From the Editor: No shame in my name
On the first night of our honeymoon, Gideon and I sat next to a married couple from Texas. We had been matched up as dinner companions for the rest of the trip, so we talked about all the pleasant things you talk about when you want to have a good vacation. Near the end of the meal, the husband asked us what our married name was. I cringed. I knew the cordial train had derailed before it even left the station.
“Actually, I’m keeping my name,” I said. “You know, with my job and everything. I’m already published under my name. You know?”
That’s how I respond to almost everyone who asks me about my married name. I figure it’s better than blurting out, “Well, you see, I’m a crazy feminist!” or “I was born Samantha Jones and I’ll die Samantha Jones.” Both are true, if you’re wondering. Attributing this decision to my profession is usually the easiest way out of the conversation, so it’s what I do. Sadly, it didn’t seem to satisfy our dinner companions. The husband leaned into me, laughed and said, “Well, that’s when you take his name personally and keep yours professionally.”
I was stunned. “Well, that’s when you stop assuming I live my life the same way you do,” I wanted to say. Of course I didn’t say that. I was filled with salmon and chocolate mousse and rage. I knew better than to say what was on my mind.
So I threw my head back, laughed and told him I hadn’t thought of it that way. It was the kind of response that begged for a change of subject. Fortunately, dinner was almost over.
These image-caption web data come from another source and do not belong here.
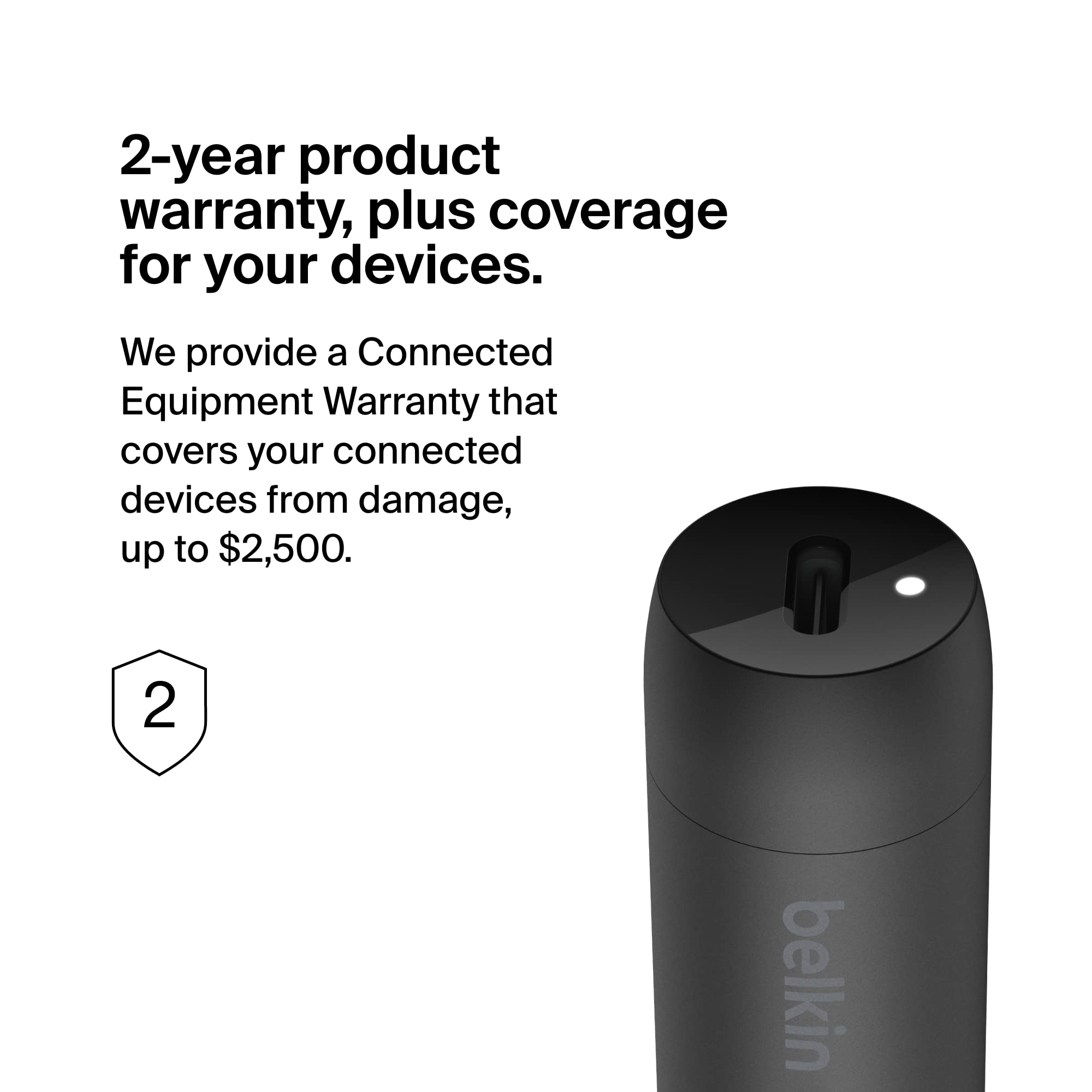Belkin Boost↑Charge™ Caricabatterie da auto veloce da 30 W, design compatto con porta di erogazione di alimentazione USB-C, prolunga di alimentazione USB a 4 porte, compatibilità universale per iPhone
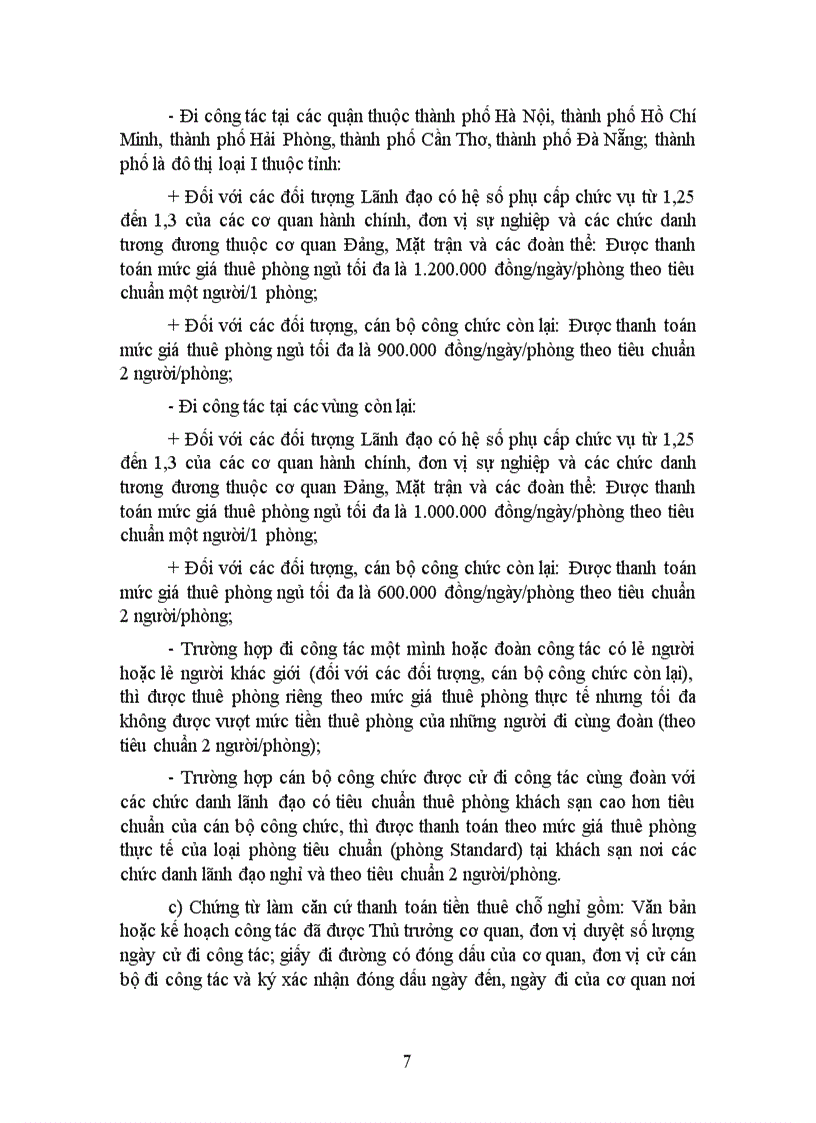 image for page TT 97 2010 TT BTC Quy dinh che do cong tac phi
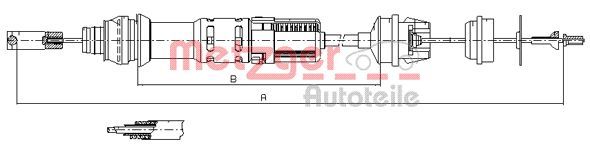 METZGER AUTOTEILE 11.2281 Cable Pull, clutch control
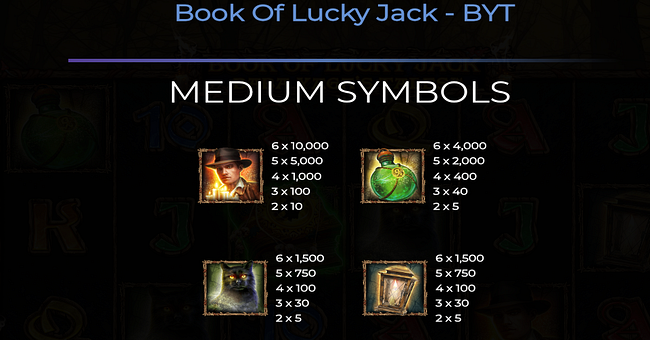 book of lucky jack baba yagas tales paytable 1 paytable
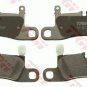 TRW GDB1876 Brake Pad Set, disc brake for PORSCHE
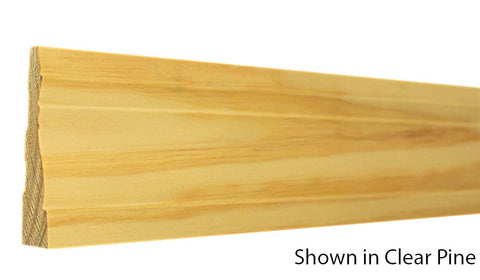 Profile View of Casing Molding, product number CA-316-022-3-CP - 11/16" x 3-1/2" Clear Pine Casing - $1.24/ft sold by American Wood Moldings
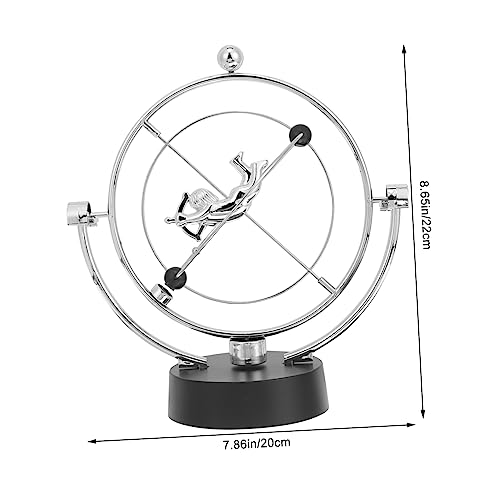 WEKAMOS Elegantes Ewiges Bewegungsspielzeug Cupid Schreibtischdekoration Silber Kinetisches für Büro Entspannende Tischspielerei für Erwachsene Wissenschaftliche Desktop Gadgets WEKAMOS Elegantes Ewiges Bewegungsspielzeug Cupid Schreibtischdekoration Silber Kinetisches für Büro Entspannende Tischspielerei für Erwachsene Wissenschaftliche Desktop Gadgets von WEKAMOS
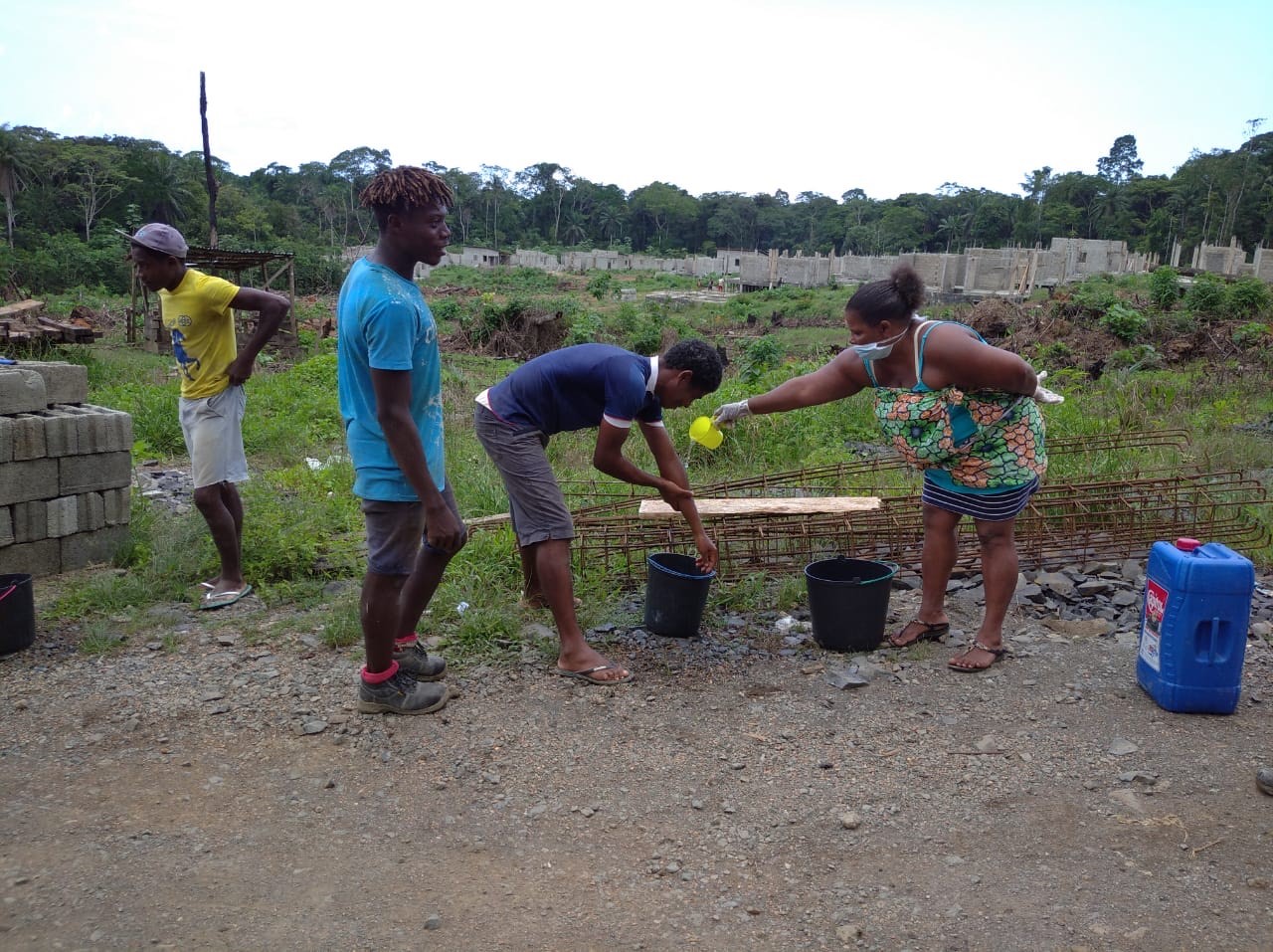 UN-Habitat executes a model safe project in Sao Tome in the middle of the COVID-19 pandemic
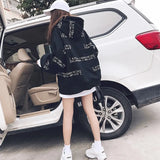 Women Winter Thicker Plus Velvet Warm Letter Printed Loose Pullovers Womens Oversize Harajuku Korean Hoodie Ladies
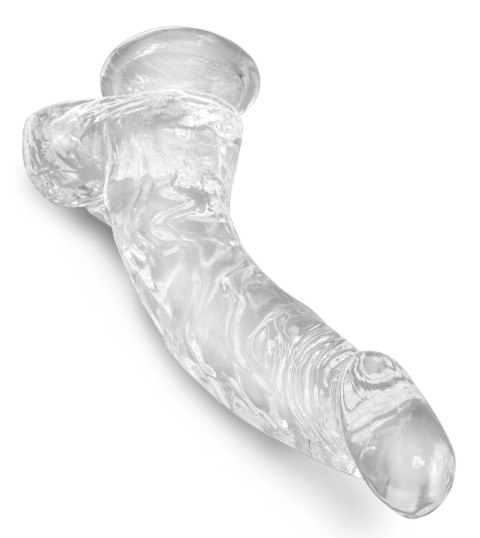 Pipedream King Cock Clear 19 cm - przezroczysty model z przyssawką Pipedream King Cock Clear 19 cm - przezroczysty model z przyssawką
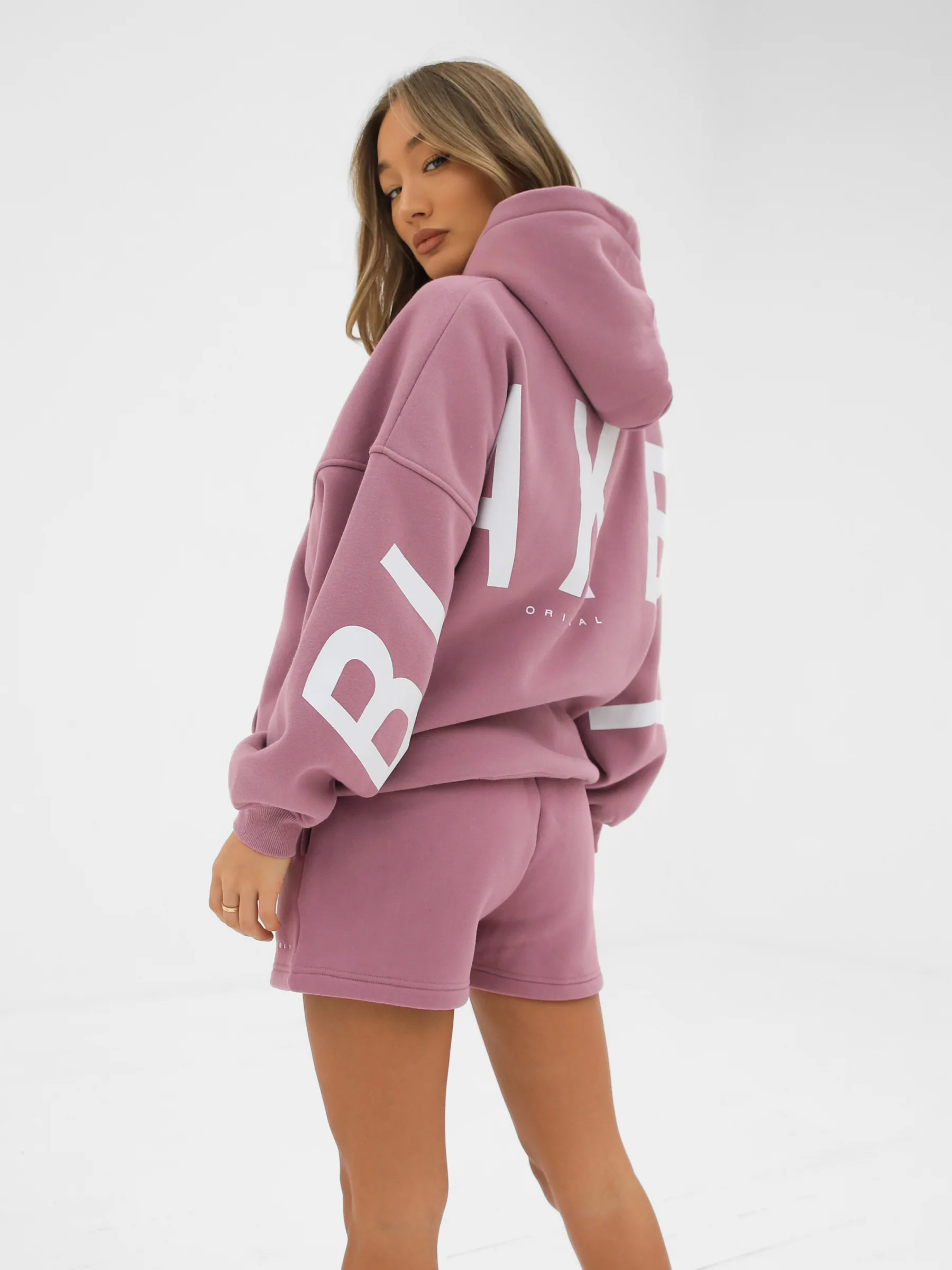 Isabel Jogger Shorts - Dusty Pink - Image 3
Unfortunately, that wasn’t the first time somebody has confronted me about my decision to keep my last name. People rarely ask me about my new name, but those who do almost never respect my choice to remain Samantha Jones.
“What are you going to do when you have kids?” an acquaintance scoffed when I told her.
“We’re going to hyphenate, probably,” I said.
“Eww, I hate hyphenated last names,” she said. “Your poor kids.”
My children don’t exist yet, and this woman already pities them because they’ll have two last names. There’s being judgmental, and then there’s this. It’s a whole new level of judgment. If life were a video game, she would be ready to defeat Bowser.
“You have no idea how much this hurts your husband,” another acquaintance said. “You should do this for him.”
I didn’t tell her about how Gideon and I discussed that very idea two months into our relationship ... when I told Gideon I could never take anybody else’s name, and he said he didn’t expect me to. He knew then that it would go against my nature to change my last name. He respected that decision, and it’s one of the many reasons I love him.
Some people have called me “Mrs. Keas” or addressed me and Gideon as “Mr. and Mrs. Keas.” That’s not the kind of thing that upsets me. I understand there is a certain expectation of a married woman, traditionally and culturally. Most people are well-meaning. Others, like our dinner companion, are insulting.
I know it’s a non-traditional choice, even with more and more modern women making the same decision. Much of my life is non-traditional, though. I like it that way. More importantly, my name is an integral part of my identity. That hasn’t changed because I got married. There’s just another part of me now, a wonderful part.